The Sustainable Development Goals have emphasized that SLM is at the
core of global environmental and development issues. SLM simultaneously addresses
food security, climate change adaptation and mitigation, disaster risk
reduction, biodiversity, and water conflict resolution. However the value and
importance of scaling-up SLM is not yet sufficiently acknowledged by
policymakers or the broad public, thus hindering the allocation of adequate resources
to combating land degradation.
Although information and data on land degradation and SLM are increasing
worldwide, there is a lack of evidence and awareness on the specific impacts of
SLM onsite and offsite. Evidence-based examples highlighted in each case study
help to target these gaps by raising awareness and increasing knowledge about various
interlinked impacts in areas onsite, where SLM is directly implemented (upstream),
and offsite areas (downstream).
WOCAT (The World Overview of Conservation Approaches and Technologies)

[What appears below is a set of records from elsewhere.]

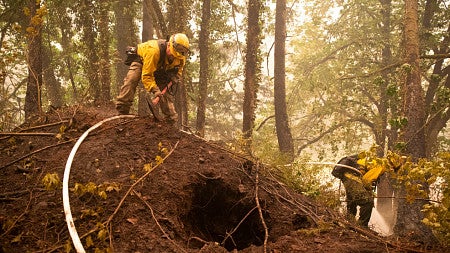 Firefighters tending to a burning forest.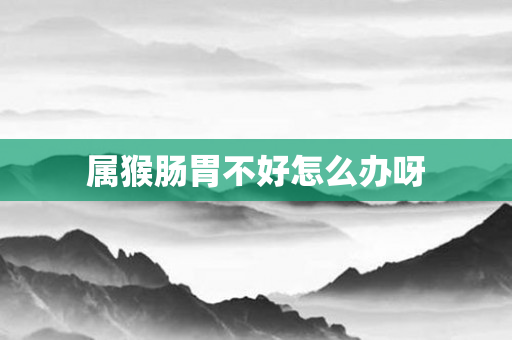 属猴肠胃不好怎么办呀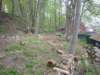 horseshoepitbeginnings_small.jpg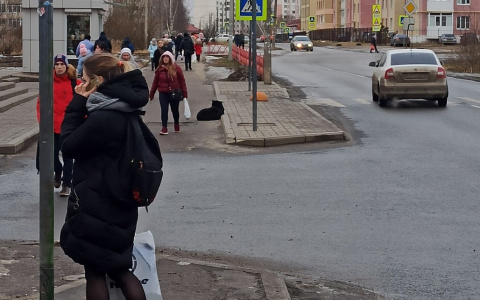 "Первые признаки увидим": Песков анонсировал решение по дальнейшему режиму в стране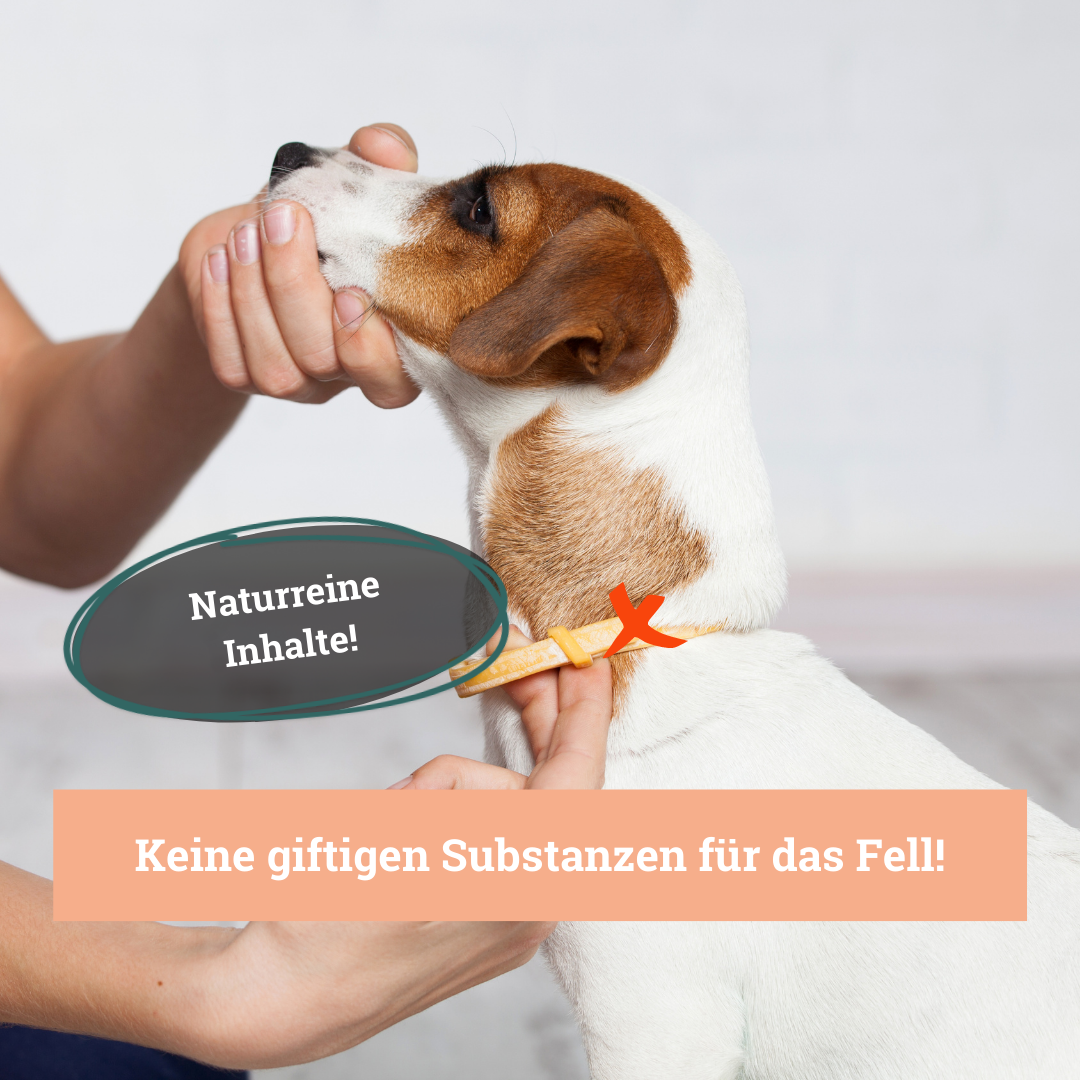 BeG Buddy Fellpflege BeG Buddy Fellspray Zecke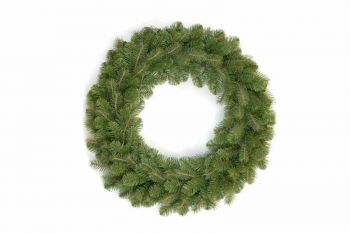 Bayberry Spruce 24" Wreath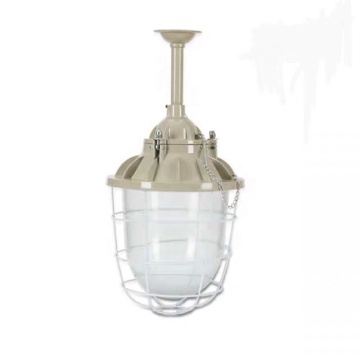 ATEX Nuclear Exproof LED Explosion-Proof Lights and Fixtures for Zone 2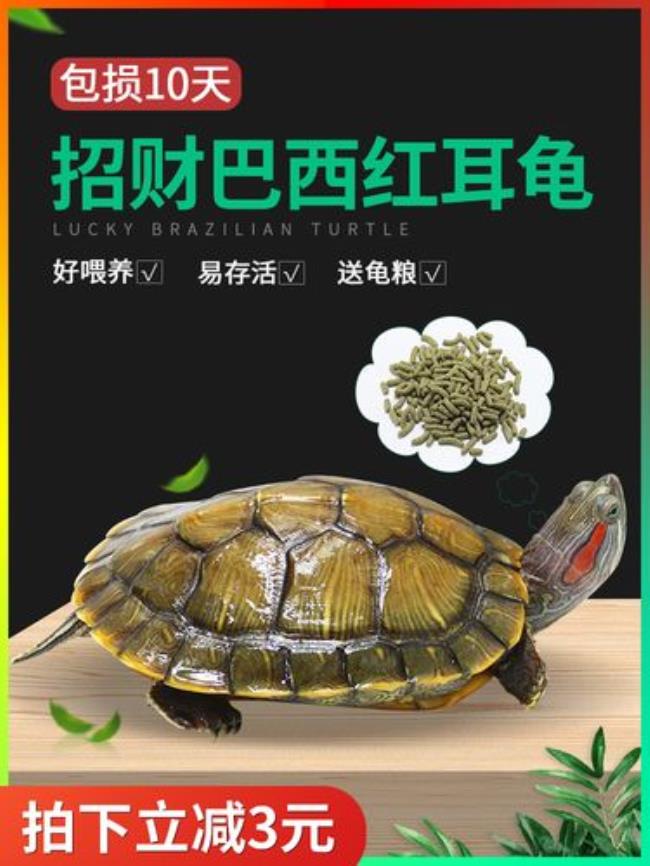 巴西龟有耳朵吗长哪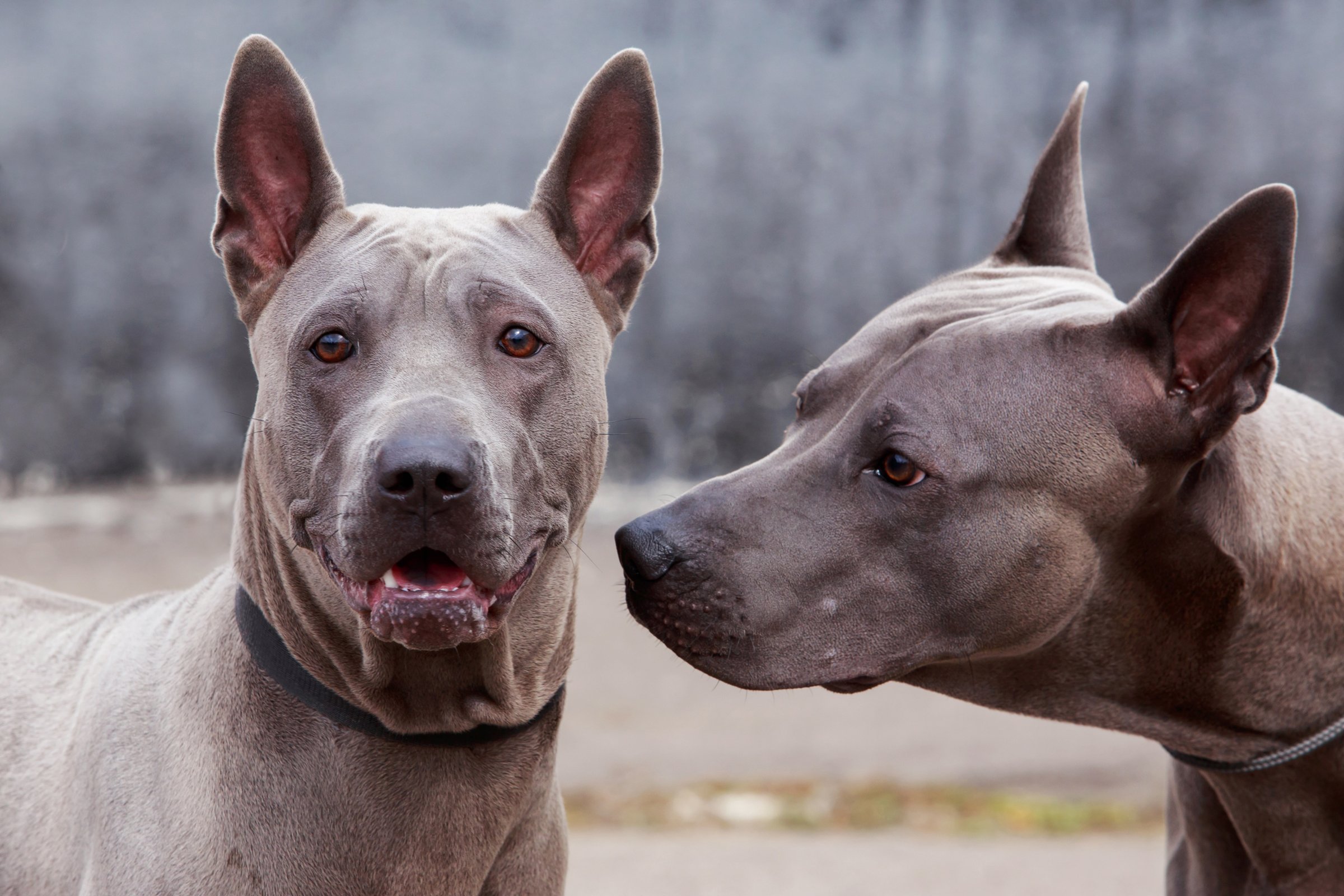 Thai Ridgeback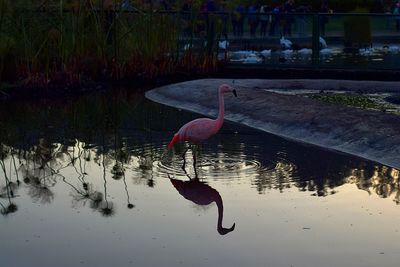 Bird in a lake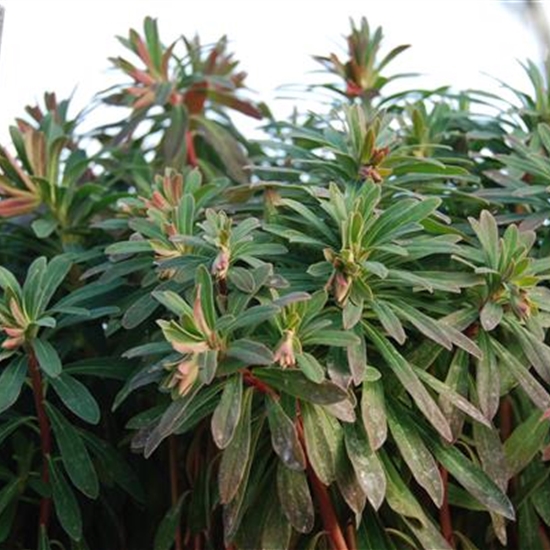 Euphorbia martini (x) Euphorbia martini (x)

investigates both unsustainable and sustainable land management (SLM) in Columbia,
Indian Himalayas, Haiti and Iceland; identifying, assessing, and illustrating the
onsite and offsite impacts of different SLM practices. Onsite investigations focus
on the effects on land degradation, water availability and quality, resilience
of land and people and biodiversity. Offsite impacts (often neglected and
underestimated) focus on downstream water availability and quality (for domestic
use, irrigation and hydropower), deposition of particles from windstorms, as
well as disaster risk reduction related to floods, droughts and sand and dust
Approaches and technologies giving both onsite and offsite benefits are emphasized in the findings and further documented in detail (WOCAT SLM database). The case studies prompt policy action and public support for investments that improve livelihoods, ecosystem services and natural resource management. Recommendations are focused on SLM-based approaches that enhance collaboration at the local, national and international level.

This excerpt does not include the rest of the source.